Replaced thermostat and radiator
First assumption: Your car is over heating and not your car interior air heating unit part of your A/C.
Second assumption: You car is still over heating when you try to run the A/C.
If you replaced the radiator AND the thermostat it can then only be in the plumbing which consists of the hoses running from the radiator to the heater coil in the blower unit or a blocked water route in the cylinder block of the engine. Assuming the hot water plumbing (black radiator type hoses) is all OK and you have the air routers (call them flaps or whatever) set so they don't inhibit the air flow and aren't set to route the air over the cooling coil and ARE set to route the air through the heater coil, I would suspect first a mis-set air difuseror flap. The heater coil is the one the blower blows the air through to warm as it flows into the car. Depending on your make and model of car, that will be located somewhere between the blower and the heater output in the car. Once you locate that, check to see if it is set in the position to route the warm air through to the car and not cool air through to the car. The cool air will have to flow through the evaporator coil of your A/C to the interior of the car whereas the heated air flows through the heater coil to the interior of the car. You can also locate the heater hose by tracing it from the radiator if you have trouble locating which hose it is.

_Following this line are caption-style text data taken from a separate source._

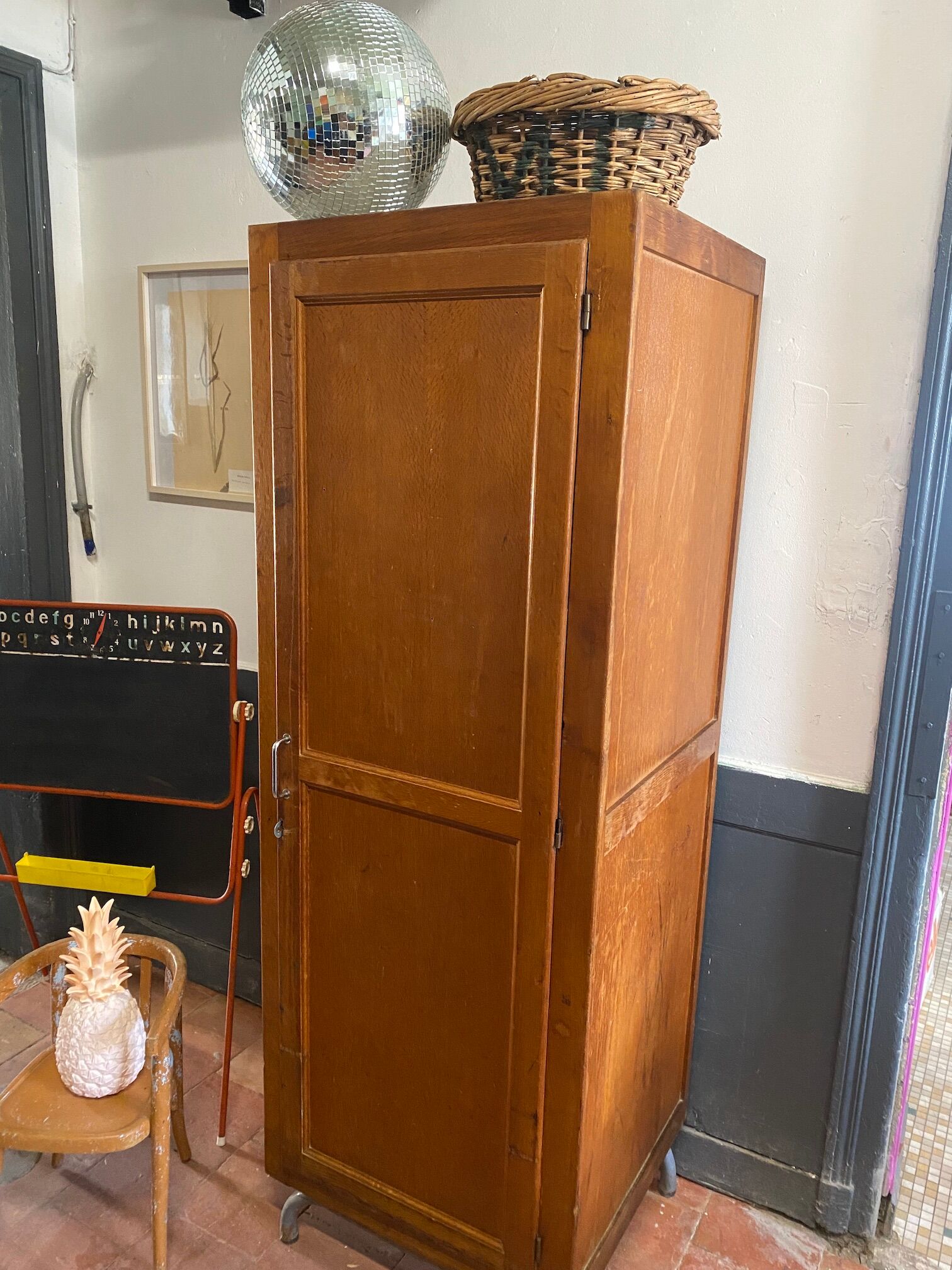 Wardrobe boarding locker room multiplex edition 1950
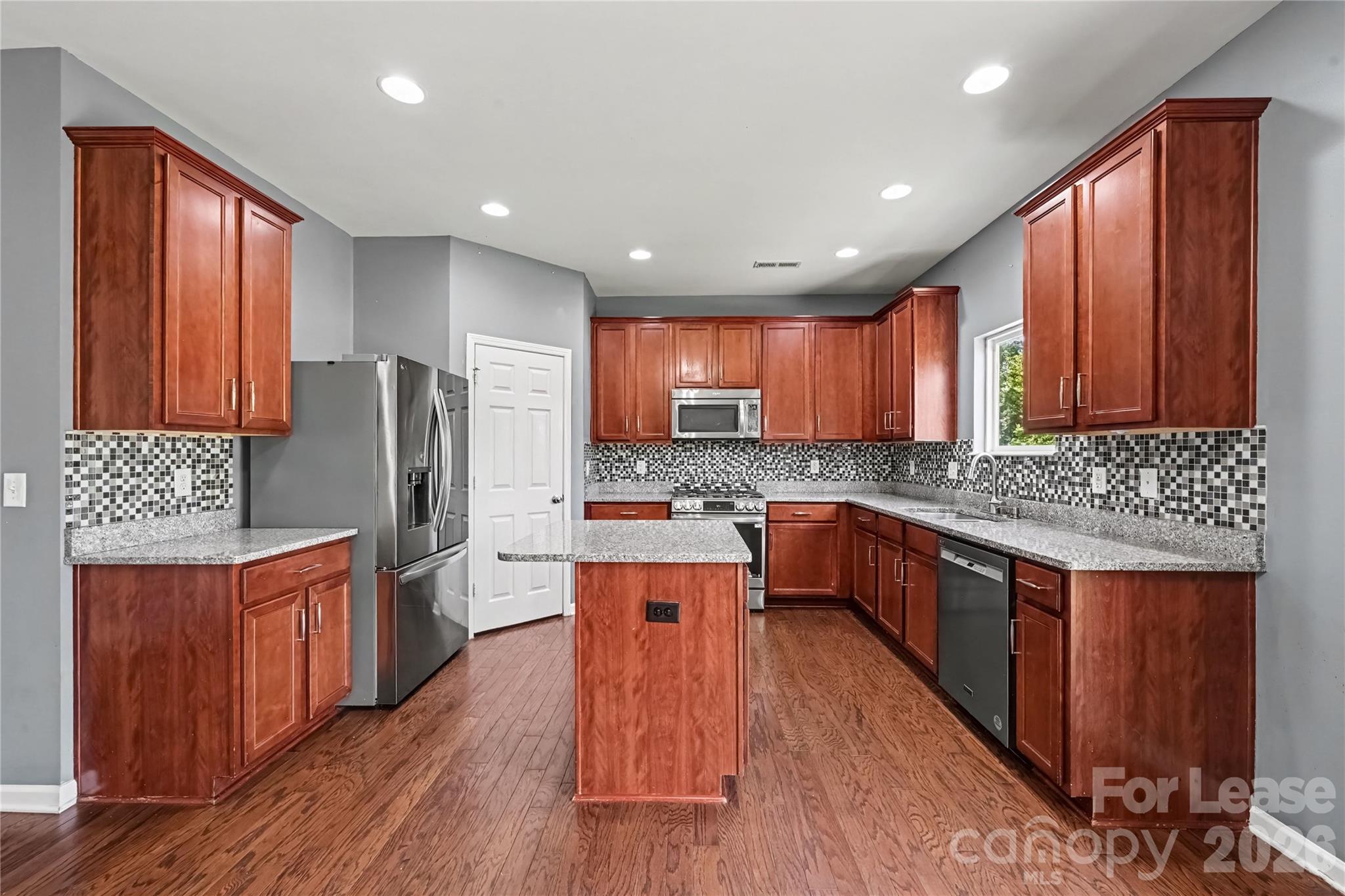 4418332 Property Photo 12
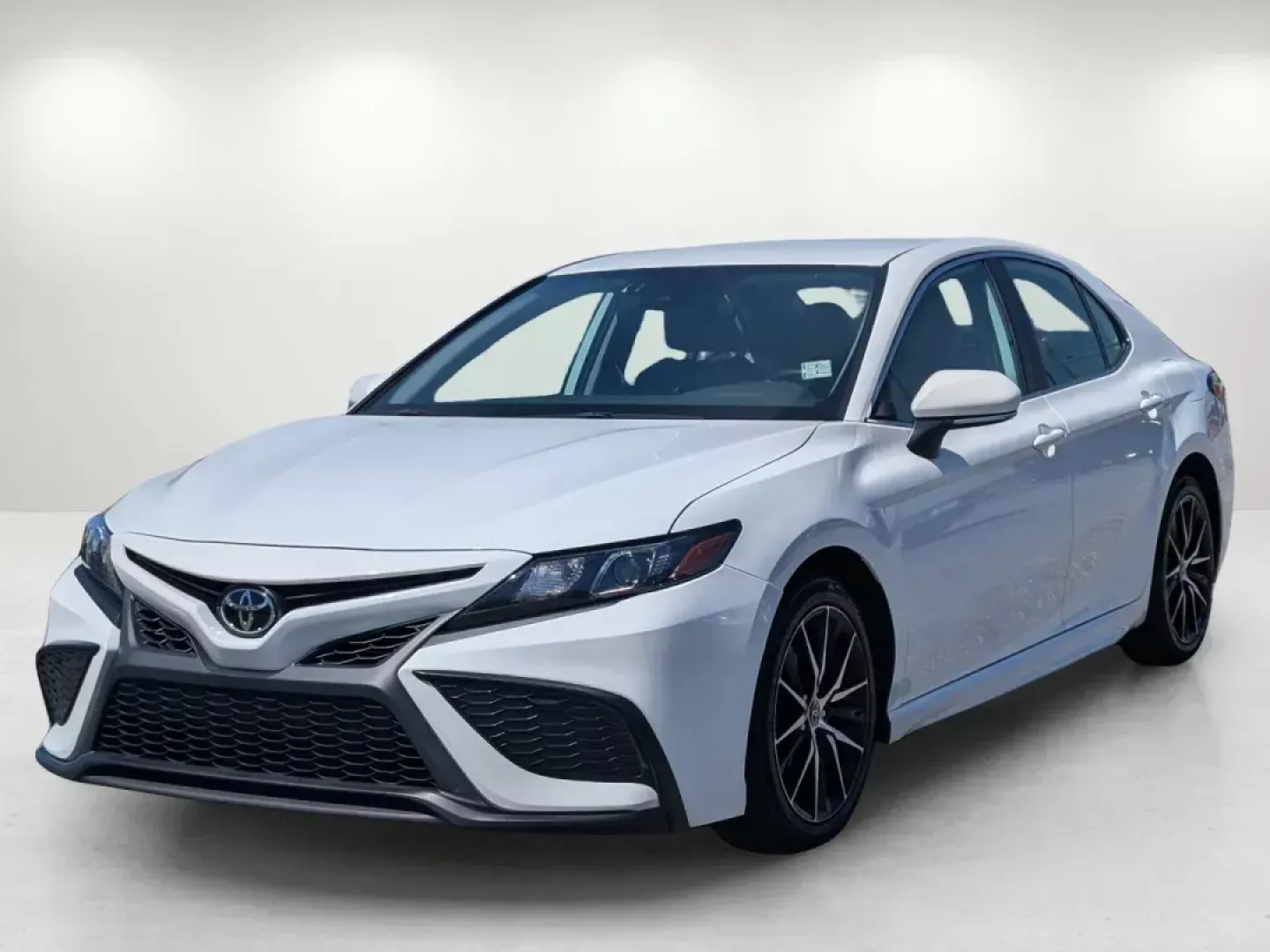 2022 Toyota Camry SE (4T1G11AKXNU) with an Regular Unleaded I-4 2.5 L/152 engine, 8-Speed Automatic w/OD transmission, located at 1430 Gateway Drive, Opelika, AL, 36801, (334) 239-0944, 32.637871, -85.409790 - **Discover Your Next Adventure with the 2022 Toyota Camry SE at Gils Auto Opelika, AL!**<br /> <br /> Are you ready to elevate your daily commute or embark on weekend getaways with style and comfort? Look no further than this stunning **2022 Toyota Camry SE**, the perfect sedan for both family trip - Photo#1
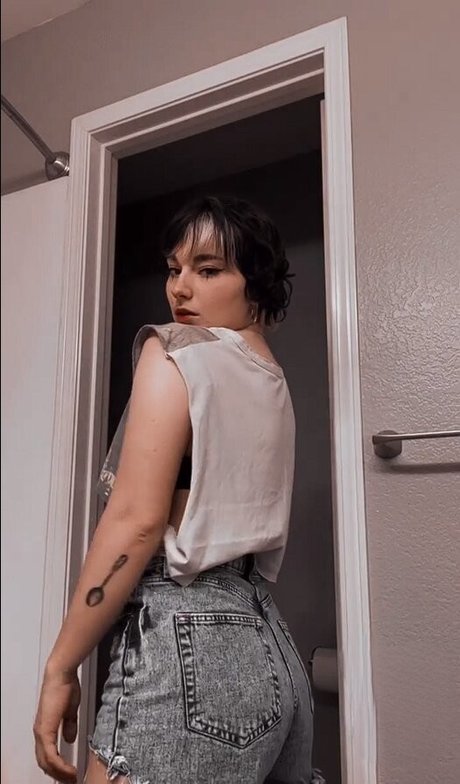 Naakte gelekte OnlyFans-foto van Casey Lee Williams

You can check to see if your block is stopped up by removing the hose from the radiator to the block and the hose from the block back to the radiator. Also remove the thermostat. This isolates the block from your normal cooling system. Make sure you have a hose running water into your block and the same amount of water is coming out the other end of the block. This isolates your block from the rest of the cooling system. If your block water jacket is clear, water will flow freely through the block and your engine should be running very cool. If water does NOT flow through the block freely then you have a blockage in your block. Not good.
If all checks OK with the above, then using the same method, check to see if water flows evenly through your radiator and all your hoses in your heating and cooling systems. You will have a blockage somewhere in here if your engine block is clear which you just demonstrated. Put the hose inro the radiator input and see it if comes out equally at the lower end of the radiator. If you have a clean radiator as you said, it will. Then check the hoses from the bottom of the radiator to the engine block and the top of the radiator to the engine block. One of these will be the blocked hose. Replace this hose or clean it out and re-install it. Preferably replace it with a new hose. You should now be good to go. Good luck.
Is the thermostat installed up side down. That does happen sometimes and will cause that.
Is the radiator a new one if not could be plugged and won't let the antifreeze flow.
Is the water pump functioning right. Check your belts as well.
Is the fluid in the rad up where it should be. Low fluid will cause the water pump to not work. Just thoughts of what would cause your problem.
Simply could be a bad coolant temp sensor.......if you have temp gun shoot temps at your radiator hoses while idle to see if is truly way over the norm(220 degrees)......look up how to test coolant temp sensor on youtube........had this problem with 05 GMC pickup wouldnt let it run computer shutting it down because it thought it was overheated.......
Check for flow from the water pump. The water pump moves the coolant through the system. Common ailments broken belt, clog in the system and mis reading on temp gauge.
when your cars engine has been running for a while and seems warm. You can use an infrared thermometer to check the temp of the upper and lower radiator hoses.
If if you have to go about this the lo tech way... Consider all of the hot and moving parts.... Scalding fluids, fan blade and belts etc...
shut off your warmed engine...
If if you're careful you can compare temperatures with a surface thermometer or carefully touch the surface and note for drastic temperature differences betwixt the hoses... Ie lower radiator hose cold vs much warmer or hot upper hose...
There are some cooling system designs that will allow you to visually observe the coolant flow into the radiator if you remove the radiator cap. (Wear safety equipment please.) gloves and eyewear especially.
Could be a weak water pump, or your electric fan is not kicking in. Start the car up and let it heat up. Look to see that your fan kicks in . If the fan does kick in, I'd say you have a bad water pump. Do you get good heat from the heater?
Bad water pump, or hoses are collapsing , get new water pump, put springs in hosed to keep them from getting sucked closed
Hi Vincent, it seems the motor needs a big flush out at a radiator specialty shop. Stay safe Greg.